@McTag,
Quote:
I never did that, and you are mixing this up with another thread.
That leaves us with the inescapable conclusion that it was you being your usual ignorant self on language.
Quote:
I can see why you were being so coy and evasive. Your sentence would have read as uttered by a hayseed from the pages of Mark Twain or a hood created by Damon Runyan. And you didn't want to sound silly, did you?
If OristarA was studying Jamaican patois or Louisiana creole maybe, but he's not. We're striving for standard English here.
That "good" can be, and is, used as an adverb can be seen from Post #1, but that doesn't make it right. Or "+" to stand for "and", come to that.
I just wanted to get all that abysmal ignorance recorded. You don't have the foggiest notion what constitutes right as regards language. You are a litany of ignorance.
The only one being coy was you, as you always are. Plant your seeds of ignorance and then obfuscate to beat the band.

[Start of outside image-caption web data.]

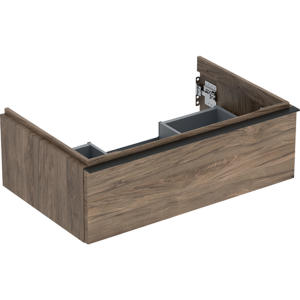 GEBERIT Icon vaskeskab 740x476x247mm 1skuffe nøddetræ hickory melamin træstruktur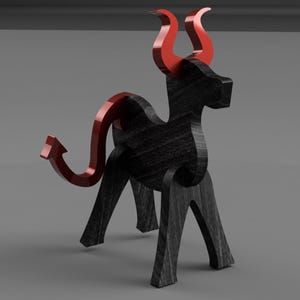 May include: A wooden sculpture of a bull with red horns and a red tail. The bull is black with a wood grain texture, and the legs are a darker gray. The horns and tail are a glossy red.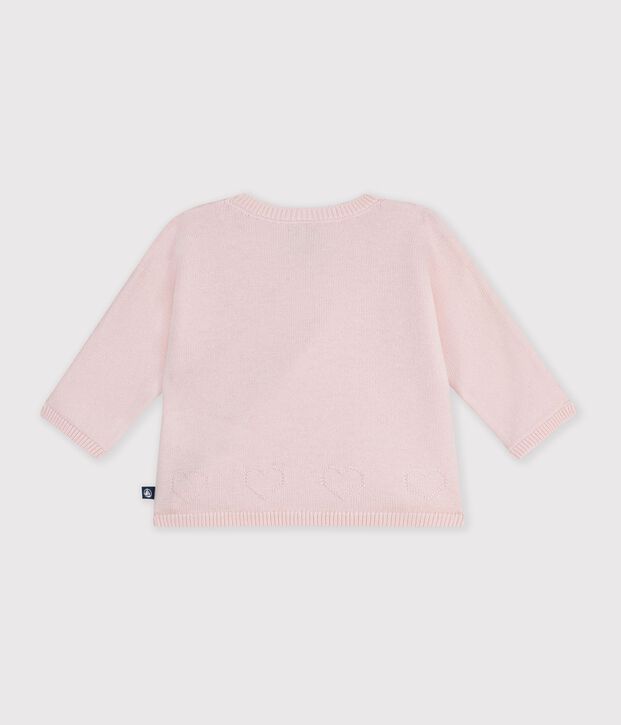 Baby-Wickeljacke aus Woll- und Baumwollstrick mit Lochstickerei BARELY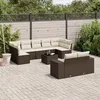 Image de vidaXL Salon de jardin 10 pcs avec coussins marron résine tressée3223032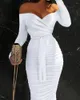 Casual Dresses Women Off Shoulder Tied Detail Ruched Bodycon Dress Autumn Strap Folds Solid Slim Pets Up High midje knälängd full ärm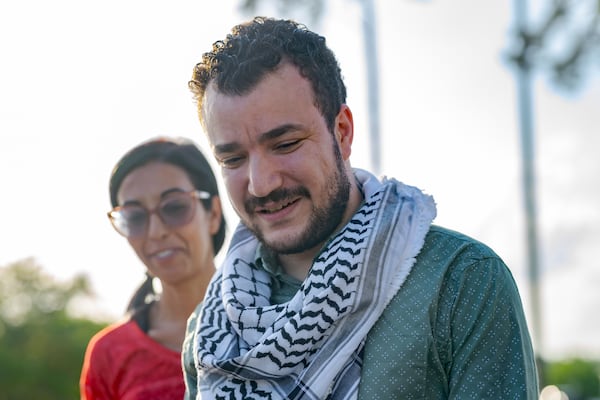 Palestinian activist Mahmoud Khalil speaks after his release from federal immigration detention in Jena, La., Friday, June 20, 2025. (AP Photo/Matthew Hinton)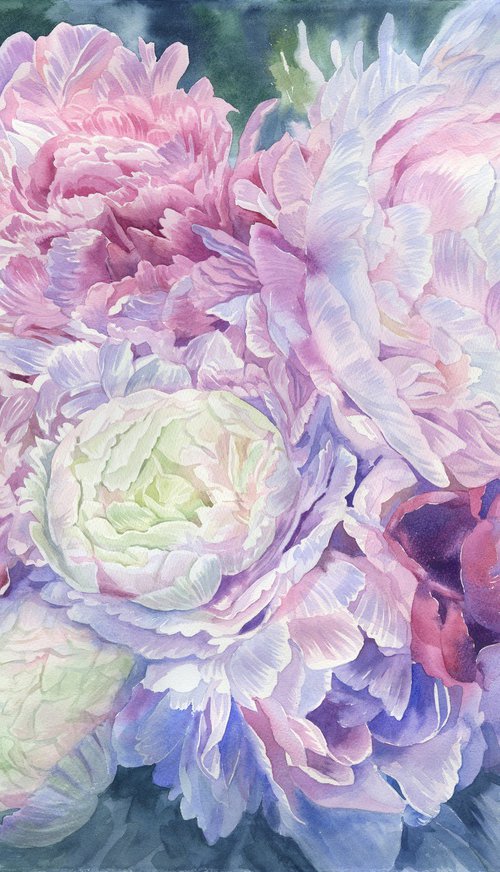 Luxury peonies bouquet original watercolor by Julia Logunova
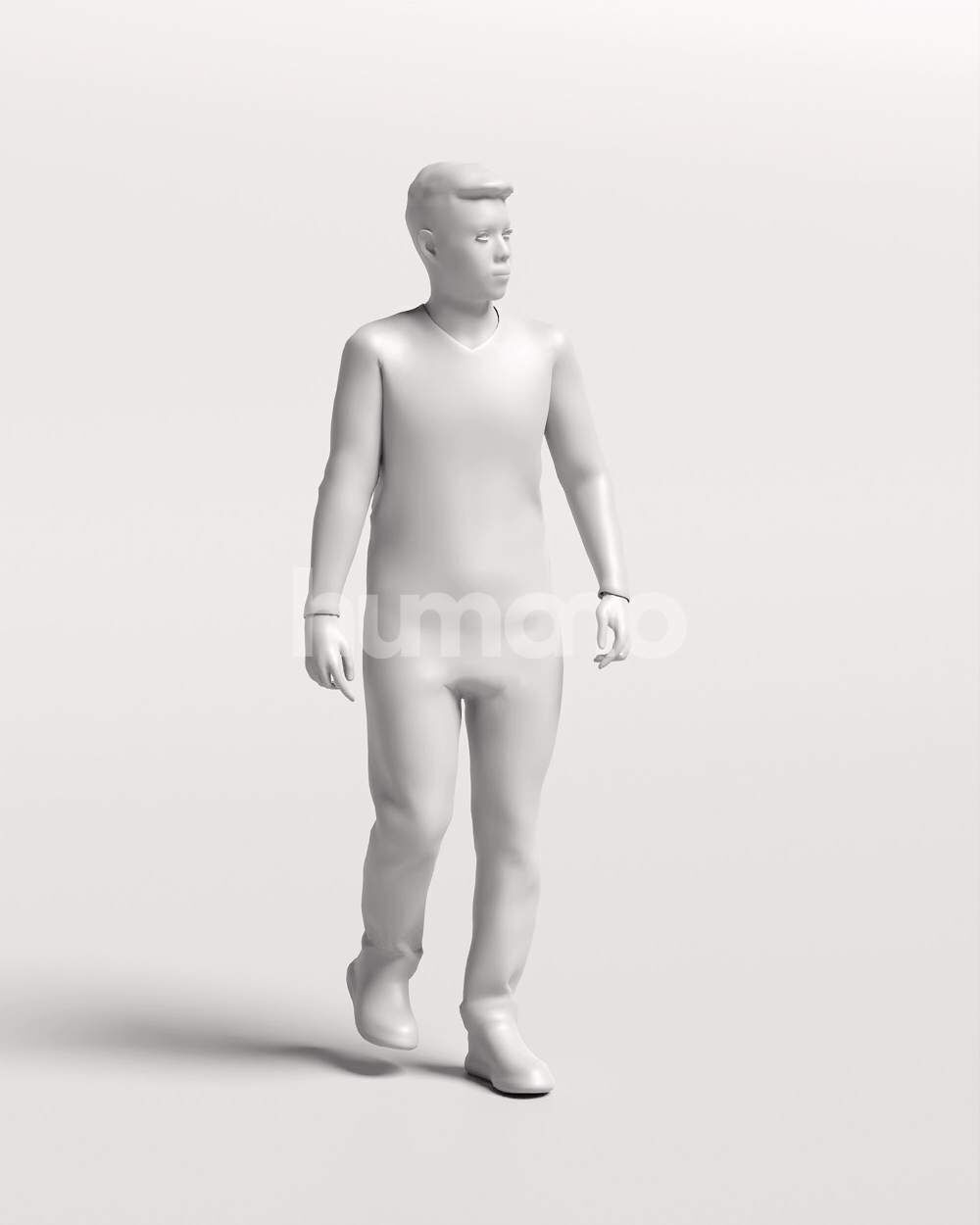 Humano Asian Man walking -2504-040-1825 3D model_3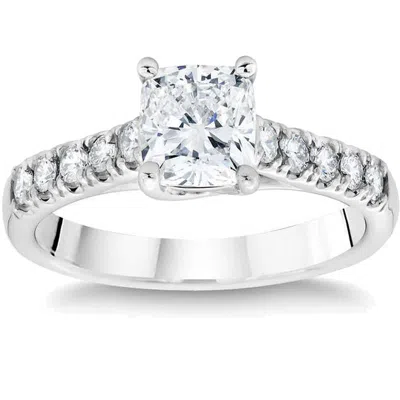 Pompeii3 1 1/2 Ct Cushion Diamond Engagement Ring 14k White Gold Lab Grown In Silver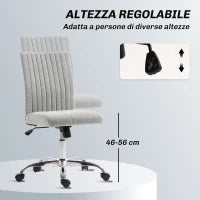 Sedia Ufficio Senza Braccioli con Altezza Regolabile e Seduta Girevole, Rivestimento in Tessuto, Grigio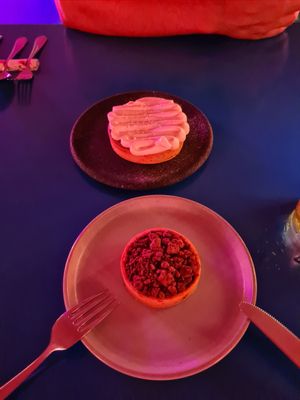 Kenari tart (top) and complimentary birthday cake at Tanaman in Seminyak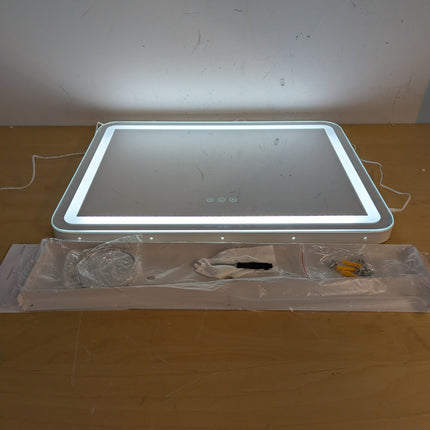 Actual unit: ROLOVE lighted vanity mirror with stand base, 10x magnifier and hardware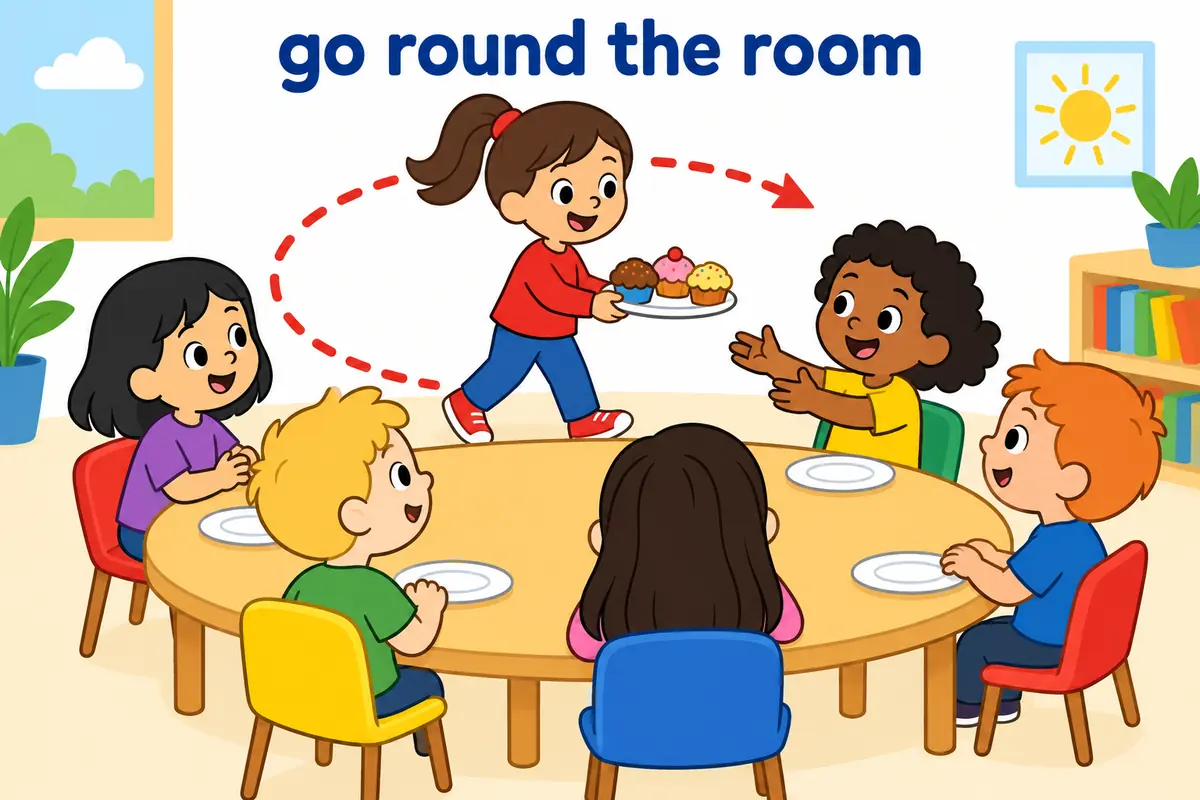 A cartoon child carries a plate of cakes around a classroom table, offering one to each seated classmate.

Yes, Ori, McTag is terribly dishonest. You already know how ignorant he is as regards language.
------------------
M-W
Main Entry: 3good
Function: adverb
Date: 13th century
1 : well <he showed me how good I was doing — Herbert Gold> 2 —used as an intensive <a good long time>
usage Adverbial good has been under attack from the schoolroom since the 19th century. Insistence on well rather than good has resulted in a split in connotation: well is standard, neutral, and colorless, while good is emotionally charged and emphatic. This makes good the adverb of choice in sports <“I'm seeing the ball real good” is what you hear — Roger Angell>. In such contexts as <listen up. And listen good — Alex Karras> <lets fly with his tomatoes before they can flee. He gets Clarence good — Charles Dickinson> good cannot be adequately replaced by well. Adverbial good is primarily a spoken form; in writing it occurs in reported and fictional speech and in generally familiar or informal contexts.